The U.S. Army Corps of Engineers has written the draft of a new proposal calling for a $6 billion, 20-foot-high wall in downtown Miami to protect it from storm surges and rising sea levels. Most of the wall would be inland, separating neighborhoods, but a one-mile stretch would be built in front of the financial section along Brickell Blvd.
The proposal is still in its early stages, and any construction is at least five years off. But the idea of a massive sea wall cutting across Biscayne Bay has already drawn some criticism.
“The $40 billion in assets you’re trying to protect will be diminished if you build a wall around downtown because you’re going to affect market values and quality of life,” Ken Russell, a Miami city commissioner who represents the Brickell area, told The New York Times.

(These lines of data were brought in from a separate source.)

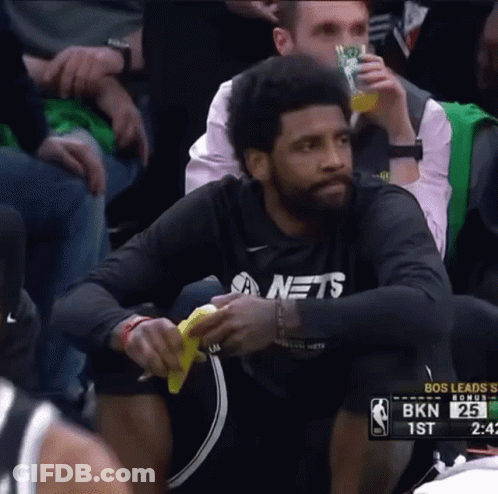 Man In Nets Shirt Sitting In Basketball Stands GIF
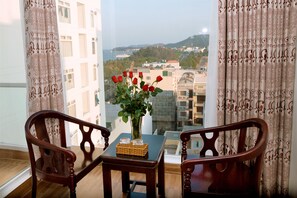 Habitación senior, vista parcial al océano | Área de sala de estar | Televisión de pantalla plana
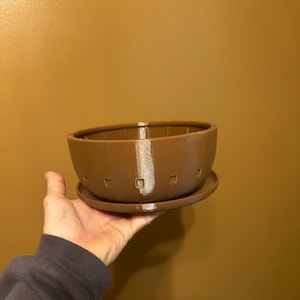 May include: A brown, 3D-printed planter with a matching saucer. The planter has a bowl shape with a series of square cutouts around the rim and a vertical white stripe. The saucer is round and flat.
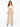 A model poses in a fitted off-the-shoulder top and high-waisted beige wide-leg trousers, showcasing a chic look.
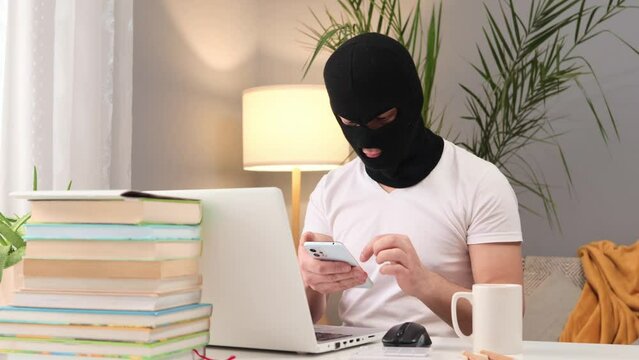 Unknown unrecognizable man in balaclava using somebodies laptop computer feeling free and relaxed on his dangerous work drinking coffee while finding stealing private information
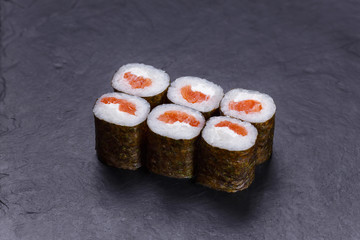 Classical Japanese cuisine, sushi rolls with salmon on black stone table. Traditional delicious food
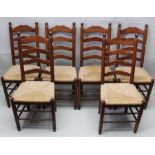 A set of six 20th century ladderback single chairs with turned spherical finials with rush seats 105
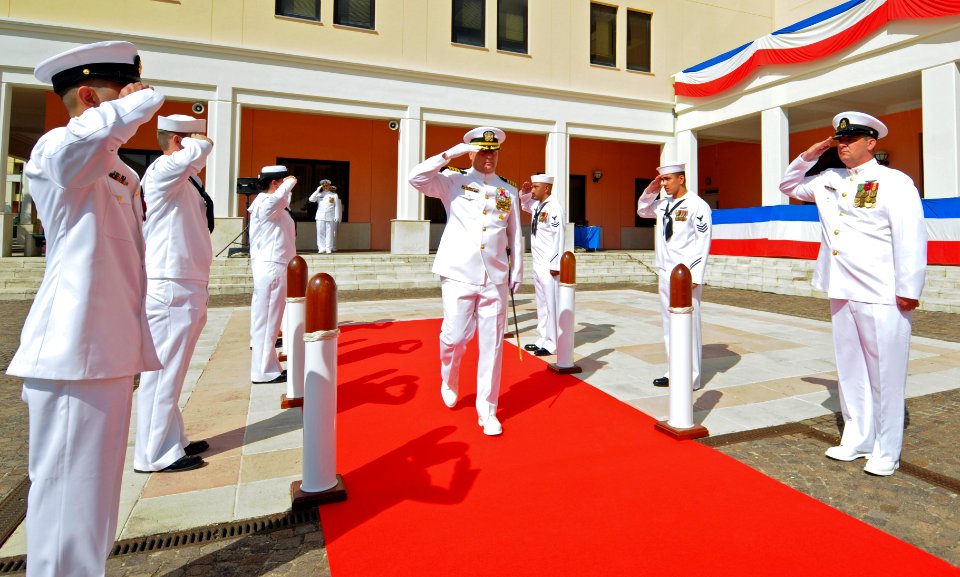 US Navy 110729-N-OM642-066 Capt. Richard Soucie receives honors as he arrives for the commander, Task Force (CTF) 63 change of command ceremony at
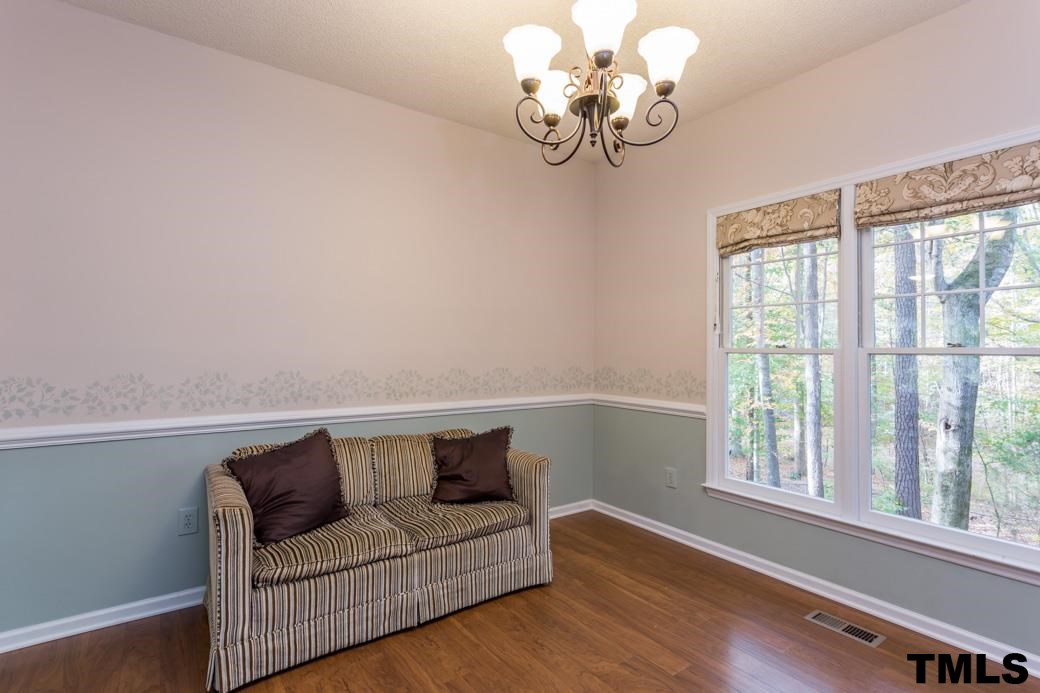 1241 Hillingdon Way Raleigh, NC 27614 - Photo 8 of 21 Currently being used as a flex space, this room is well-suited as Dining Room, located just off of the Kitchen and Family Rooms, this is a central gathering spot of the home. Beautiful molding and view to the back yard!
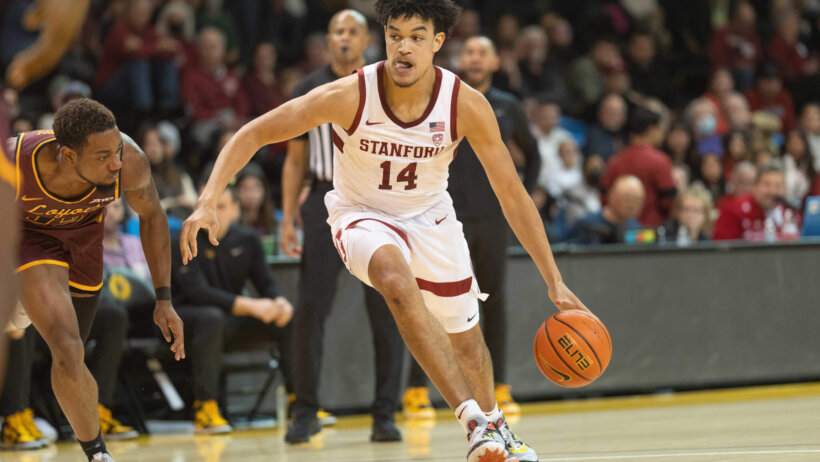 Stanford Cardinal forward Spencer Jones dribbling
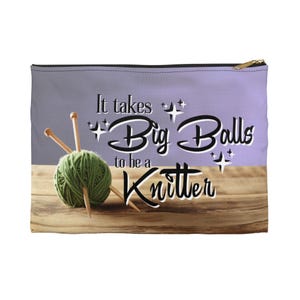 May include: A rectangular zippered pouch featuring a light purple and wood grain background. The text reads It takes Big Balls to be a Knitter, accompanied by a green yarn ball and two wooden knitting needles centered on the front.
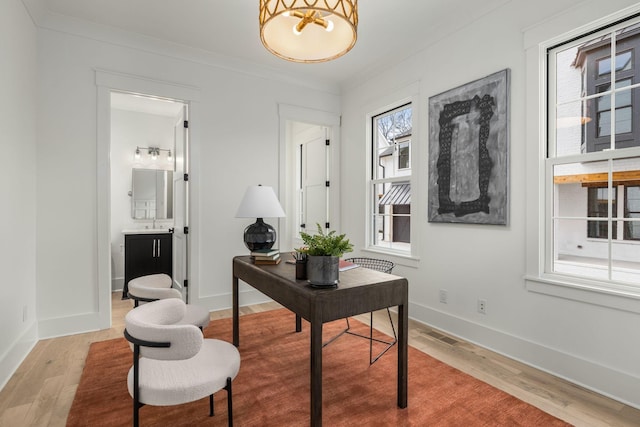 home office featuring plenty of natural light, wood-type flooring, and crown molding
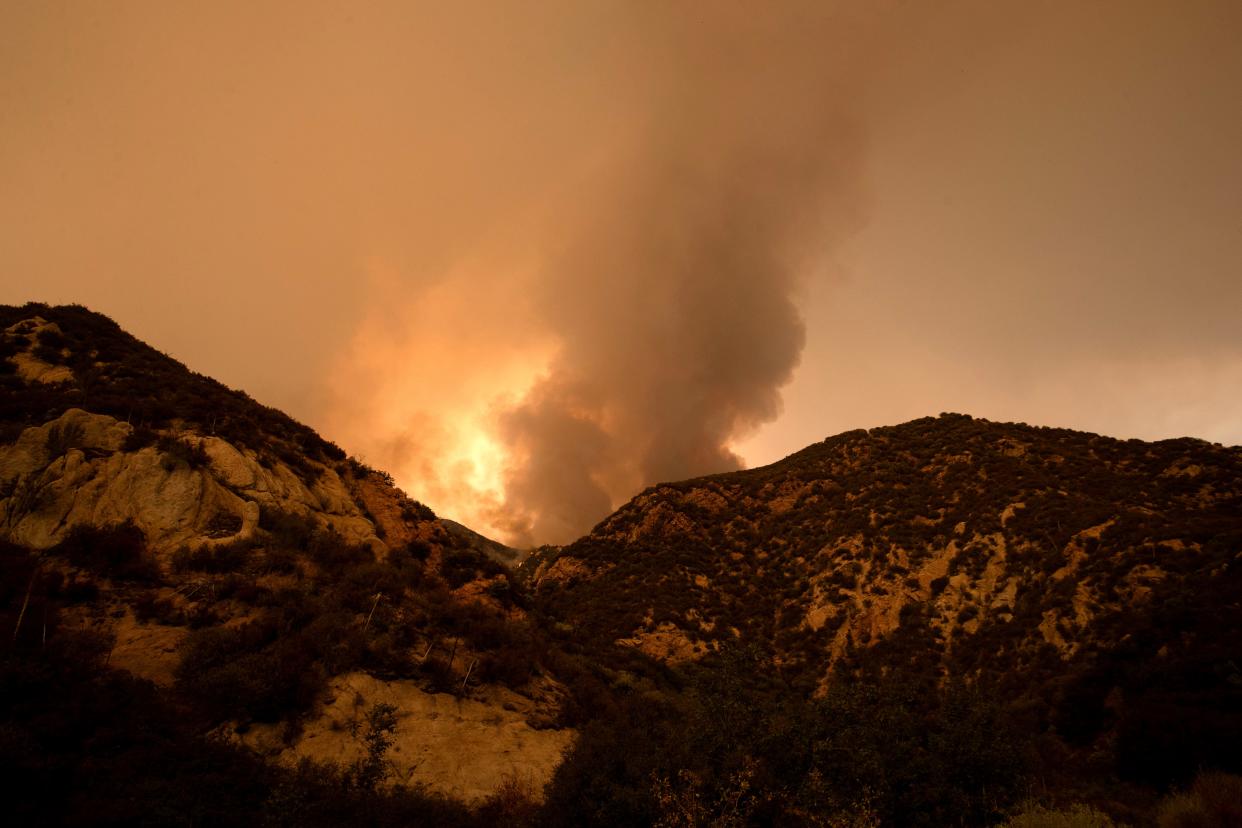 Smoke from the Line Fire is visible from Highway 38 near Mountain Home Village, Calif., on Monday, Sept. 9, 2024.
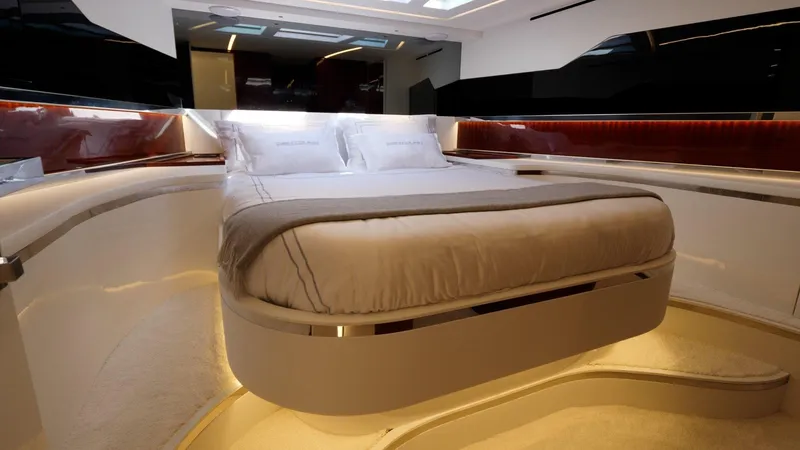 Vespro 55 Yacht Photos Pics Luxurious bedroom interior of 2026 Centouno Navi VESPRO yacht, featuring modern design and ambient lighting.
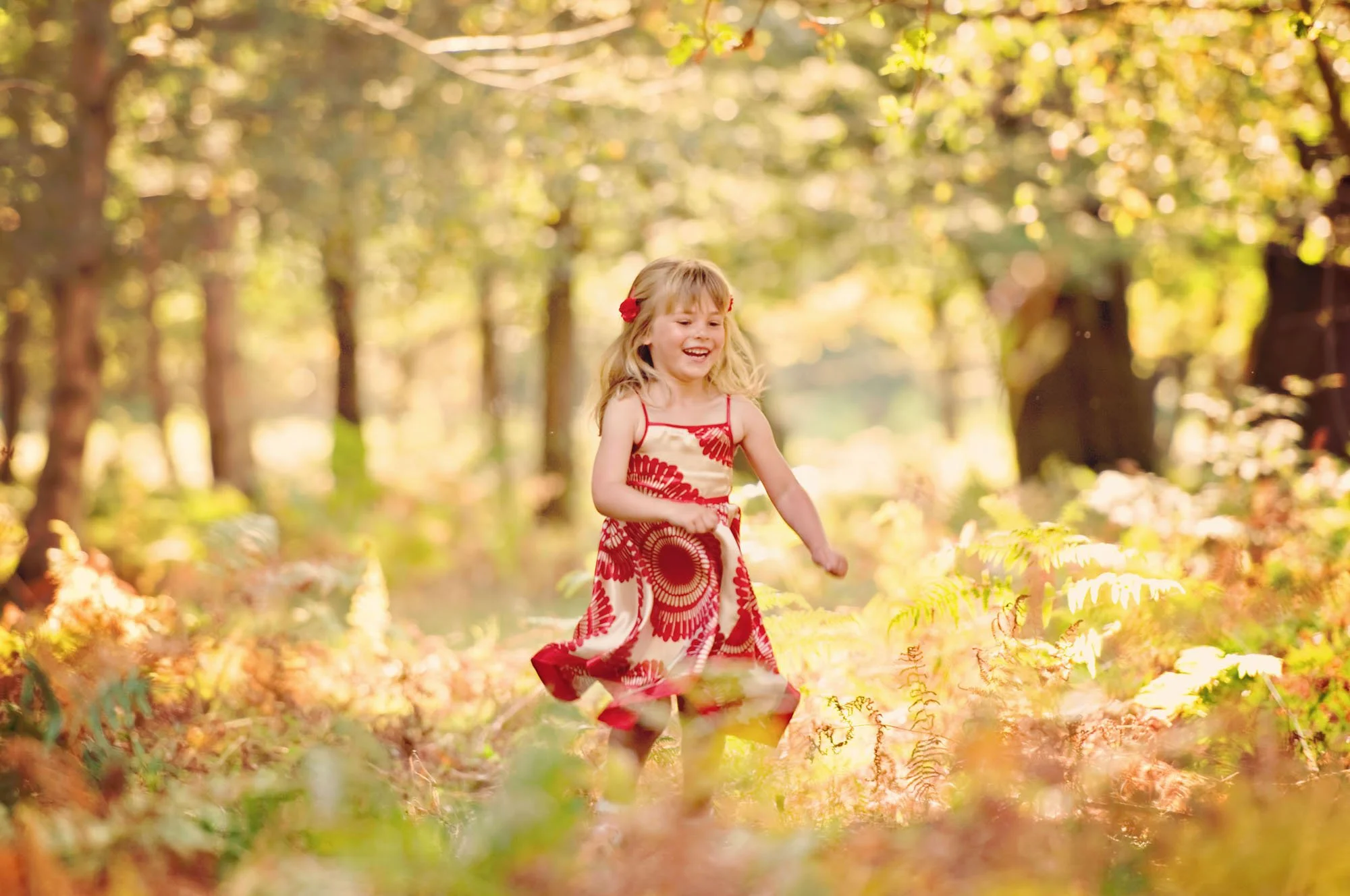 Happy little girl runs through the ferns in the woods at Hampstead Heath flooded with golden late afternoon light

The Federal government ordered the Army Corps to study how to protect South Florida from a storm surge after Hurricane Irma left parts of Miami underwater three years ago. Miami is perhaps the city most exposed to rising sea level in the U.S., and more intense and more frequent storms, particularly in hurricane season, have added to the problem.
South Florida is low-lying and sits on porous limestone, which lets ocean salt water swell up through the ground. Some streets in Miami fill with water even on sunny days, and salt water spoils underground aquifers and ruins old sewer pipes and septic tanks.
Other parts of the Army Corps’ plan include creating surge barriers at the mouth of the Miami River and other waterways, fortifying police and fire stations to hold back water, planting mangroves as a first line of defense, and elevating or flood-proofing thousands of homes and businesses.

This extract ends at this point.